• WHAT IS BEING ASKED:
Please repeat only the lines below starting at the line that holds "Blond young boy" and ending at the line that holds "Grey plaid cotton", exactly, with both of those lines included and every picture omitted.

• GIVEN DATA:
□ □ □

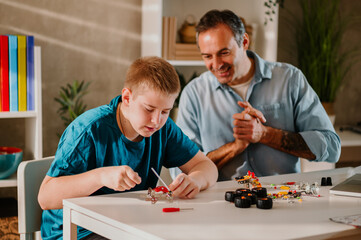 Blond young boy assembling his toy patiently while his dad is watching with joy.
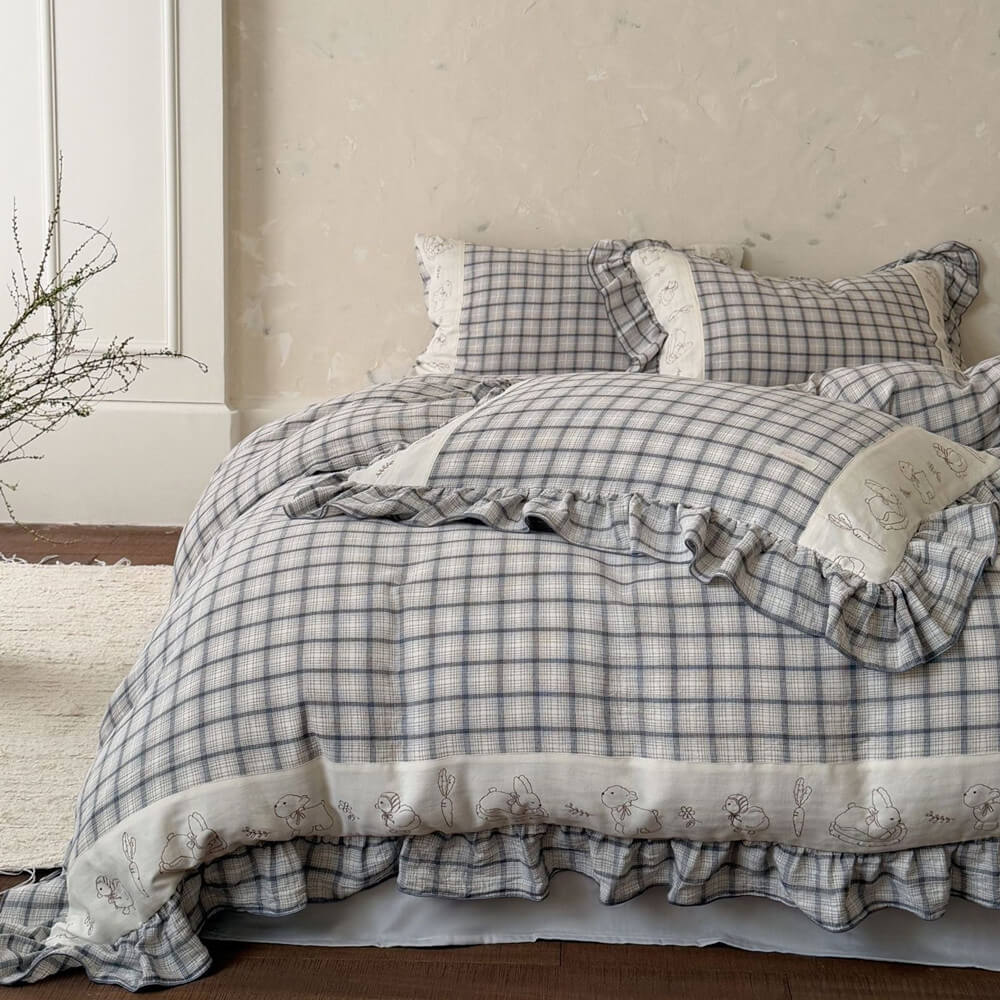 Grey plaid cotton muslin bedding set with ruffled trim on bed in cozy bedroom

□ □ □

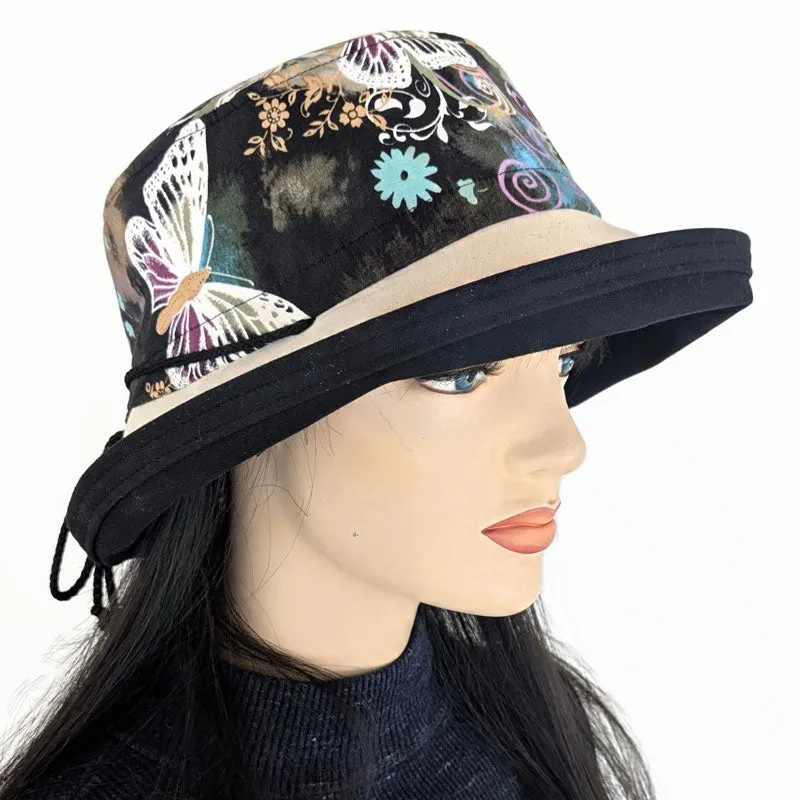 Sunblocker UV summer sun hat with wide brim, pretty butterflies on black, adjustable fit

□ □ □

• RESULT:
 Blond young boy assembling his toy patiently while his dad is watching with joy.
 Grey plaid cotton muslin bedding set with ruffled trim on bed in cozy bedroom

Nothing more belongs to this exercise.